Je ne decrirai pas notre traversee du desert, et je n'entrerai pas dans le detail des incidents de notre voyage au retour. Toutes les fatigues, toutes les difficultes etaient pour moi des sources de plaisir. J'avais du bonheur a veiller sur elle, et, tout le long de la route, ce fut ma principale occupation. Les sourires que je recevais me payaient, et au dela, de mes peines. Mais etaient-ce donc des peines? etait-ce un travail pour moi que de remplir ses gourdes d'eau fraiche a chaque nouveau ruisseau, d'arranger la couverture sur sa selle, de maniere a lui faire un siege commode; de lui fabriquer un parasol avec les larges feuilles du palmier; de l'aider a monter a cheval et a en descendre? Non, ce n'etait pas un travail. Nous etions heureux pendant ce voyage. Moi, du moins, j'etais heureux, car j'avais accompli l'epreuve qui m'avait ete imposee, et j'avais gagne ma fiancee.

Le souvenir des perils auxquels nous venions d'echapper donnait plus de prix encore a notre felicite. Une seule chose assombrissait parfois le ciel de nos pensees: la reine – Adele! – Elle revenait au berceau de son enfance, et ce n'etait pas volontairement; elle y revenait en prisonniere, prisonniere de ses propres parents, de son pere et de sa mere! Pendant tout le voyage, ceux-ci veillaient sur elle avec la plus tendre sollicitude, et ne recevaient, en echange de leurs soins, que des regards froids et silencieux. Leur coeur etait rempli de douleur.

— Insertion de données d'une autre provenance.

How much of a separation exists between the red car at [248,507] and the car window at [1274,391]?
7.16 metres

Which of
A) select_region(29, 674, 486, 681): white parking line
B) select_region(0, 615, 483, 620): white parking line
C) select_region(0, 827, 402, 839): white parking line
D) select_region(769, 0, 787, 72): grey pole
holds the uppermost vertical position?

Nous n'etions pas poursuivis, ou du moins l'ennemi ne se montra pas. Peut-etre ne fumes-nous pas suivis du tout. Le chatiment avait ete terrible, et il devait se passer quelque temps avant que les Indiens rassemblassent les forces suffisantes pour revenir a la charge. Nous ne perdions pas un moment, d'ailleurs, et voyagions aussi vite que le permettait la composition de notre caravane. En cinq jours, nous atteignimes la Barranca del Oro, et nous traversames la vieille mine, theatre de notre lutte sanglante. Pendant notre halte au milieu des cabanes ruinees, je cherchai si je ne trouverais pas quelques vestiges de mon pauvre compagnon et du malheureux docteur. A la place ou j'avais vu leurs corps, je trouvai deux squelettes depouilles par les loups aussi completement que s'ils avaient ete prepares pour un cabinet d'anatomie. C'etait tout ce qui restait des deux infortunes.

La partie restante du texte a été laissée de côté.